8 Mart 2014 Cumartesi

Ne oldu dostum, yazıyordun hani "unutmamak" falan..


Oluyor böyle şeyler işte. Öyle fırtınalı bir dönemmiş ki, kafayı kaldırıp birşeyler yazmak bir yana, en temel ihtiyaçları karşılamak bile imkansıza yakınmış. Başkaları nasıl yapıyor bilmiyorum ama ben yapamadım, buralara yazamadım sayın "tek tük" okuyucu. Ha ne oldu da tekrar kalkıştım bu işe. Koliğinden, dişinden (yok, pardon, diş konularına gelememiştik bile) çeşit çeşit sıkıntısından kurtulan, şimdinin 2 yaşındaki küçük ergeni Almıla'cık, telefonuma format attı!!! Sonuç; elimizde ancak buraya yazdığımız notlar kaldı. Beni de aldı bir panik, demek ki daha sağlam yerlere yazmak lazımmış. Bakalım bu gaz ne kadar gidecek :)

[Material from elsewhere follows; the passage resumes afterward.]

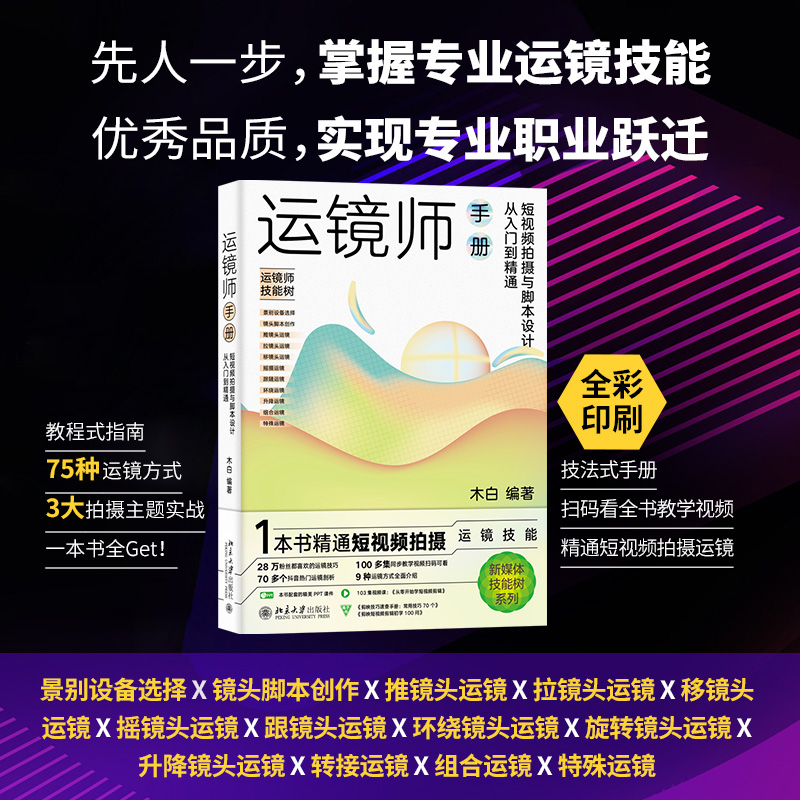 [M]运镜师手册 短视频拍摄与脚本设计从入门到精通-9787301336595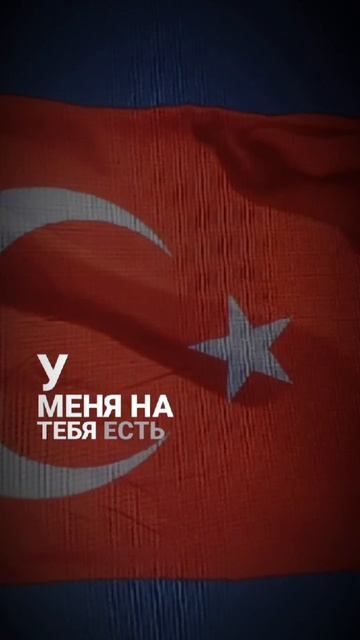 лайк подписка за Турцию и на вк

Geçmiş zaman notları: 22/03/2012

Kırk küp kırkının da kulbu kırık küp! 40 günü devirdik daha da kimse deviremez bizi. Küpleri uykumla doldurduk kırıp kırıp sefasına baktık. Yorulmaktan emememek yerini uykuda bile emmeye bırakınca bu sefer gaz sıkıntısıyla karşılaştık. Aslında birbirimizle tanıştık, sen beni benim seni tanıdığımdan fazla tanıyordun. Aramızdaki fiziki bağlar yavaş yavaş kopacak ve öyleyse demek ki görünmeyen ama yürekleri birleştiren yenilerini kurmak gerekiyor.

22 Haziran 2012 Cuma

Günler geçiyor

Almıla'nın kitabı
"Annelik bilinçli olarak tarafsızlığını kaybetmek, bu dehşet verici!". Henüz hamileliğim bile ortada yokken gözlemlediğim bir durumdu bu. Her şartta tarafsızlığımı korumak konusunda titizlenen benim için korkutucu bir gerçek. Ancak şimdi görüyorum ki "bilinçli" olduğunu düşündüğüm bu tavrın arkasında çocuğunuzla aranızda zamanla güçlenen bağlar ve her geçen gün artan sevgi varmış. Allah'ın lütfu olarak size emanet edilen aslında hiç bilmediğiniz, tanımadığınız bir insanı böylesine sevebilmek ayrı bir güzellik. Onu koruma içgüdüsü her geçen gün kademe kademe artıyor, böylece "annelik" gerçekte nasıl birşey anlamaya başlıyorsunuz. Açıkçası "annelik" beni tehlikeli biri yaptı diyebilirim, şu an Almıla için yapamam diyebileceğim hiç birşey yok. Umarım öyle bir durumla hiç karşılaşmam.

8 Haziran 2012 Cuma

Geçmiş zaman notları: 19/03/2012

Notlara devam. Burada bahsettiğim kilo normal doğan bir bebek için gayet sıradan ancak Almıla'nın 34 haftalıkken 2450g olarak doğduğu, bu yazıda 37 günlük olduğu ve sadece anne sütü aldığı düşünülürse şahsım ve bana bakan annem adına büyük bir başarı.

5 Haziran 2012 Salı

Geçmiş zaman notları: 18/03/2012

Bu blogu açana kadar bir kenara aldığım notları böyle bir başlık altında toplamayı uygun gördüm. Aşağıdaki notu Almıla 36 günlükken yazmışım:

1 Haziran 2012 Cuma

34 hafta

Tanışma: 7. hafta ultrason
İşi en baştan almak gerekirse Almıla'yla tanışmamız hamileliğimin 7. haftasına denk geliyor. Bir ekranda parıldayan iki noktacık; sabit duranı beyin, kıpır kıpır diğeri ise kalp olacak. Hayatta en çok heyecanlandığım anlardan birisiydi, o ekranda birşeyler görmeyi bekliyordum ama yaklaşık 1 cm'lik bir dokunun canlılığını böylesine gösterebileceği hiç aklıma gelmemişti.